40% will invest in data analytics.
38% will invest in advanced production scheduling.
Further down, we see interest in cloud computing, artificial intelligence, and machine learning, with vision systems and Internet of Things platforms following. Generative AI and edge computing round out the bottom.
These priorities reflect a desire to modernize the factory floor. Companies are upgrading their infrastructure, improving scheduling, and building better visibility into operations. These are all important steps. And they signal that the core of smart manufacturing is being taken seriously. But here is what is missing: There is no direct investment listed for people. There is no line on the chart for change management, training, or workforce development. And that is where the real problem begins.
Deloitte’s survey adds another layer to the story. When asked about capability maturity, human capital ranked the lowest. Only 48% of companies have a defined training and adoption standard. At the same time, workforce development was listed as the top area companies want to improve. Eighty-five percent of executives believe smart manufacturing will help attract new talent. Yet over one third said their biggest human capital concern is simply helping their current employees adapt.
That means we are investing in systems our people are not fully prepared to use. We are introducing technologies that assume a level of organizational readiness that simply does not exist.

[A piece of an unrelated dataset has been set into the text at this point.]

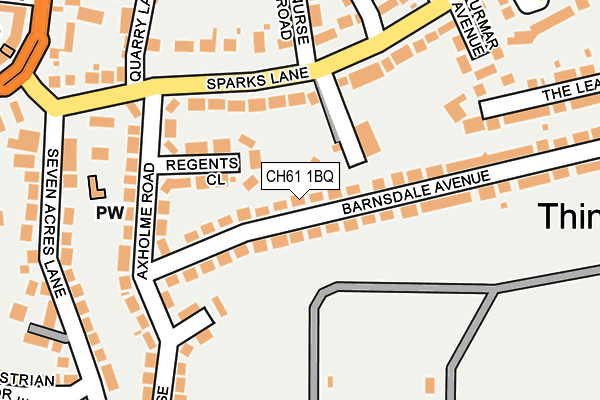 CH61 1BQ map - OS OpenMap – Local (Ordnance Survey)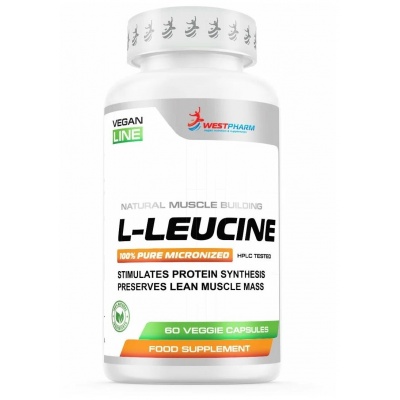 Аминокислота WestPharm Vegan Line L-Leucine 500 мг 60 капсул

The chart shows us where we are spending money. The deeper data shows us what we are avoiding.
We Like the Sound of Transformation as Long as It Does Not Inconvenience Us
We like the idea of digital transformation as long as it does not slow us down. We like the sound of artificial intelligence as long as we do not have to rethink how decisions are made. We like to talk about the workforce of the future as long as we do not have to retrain the one we already have.
We tell ourselves that deploying technology equals progress. But deploying software is not the same thing as transformation. Transformation requires rethinking roles. It requires adjusting incentives. It requires questioning long-held habits. And most of all, it requires a willingness to change how work gets done.
Too often, companies implement new tools without changing the processes around them. A scheduling platform is launched, but the team still uses spreadsheets to double-check the data. Sensors are added to equipment, but nobody trusts the alerts unless they are validated manually. Artificial intelligence delivers insights, but no one has permission to act on them.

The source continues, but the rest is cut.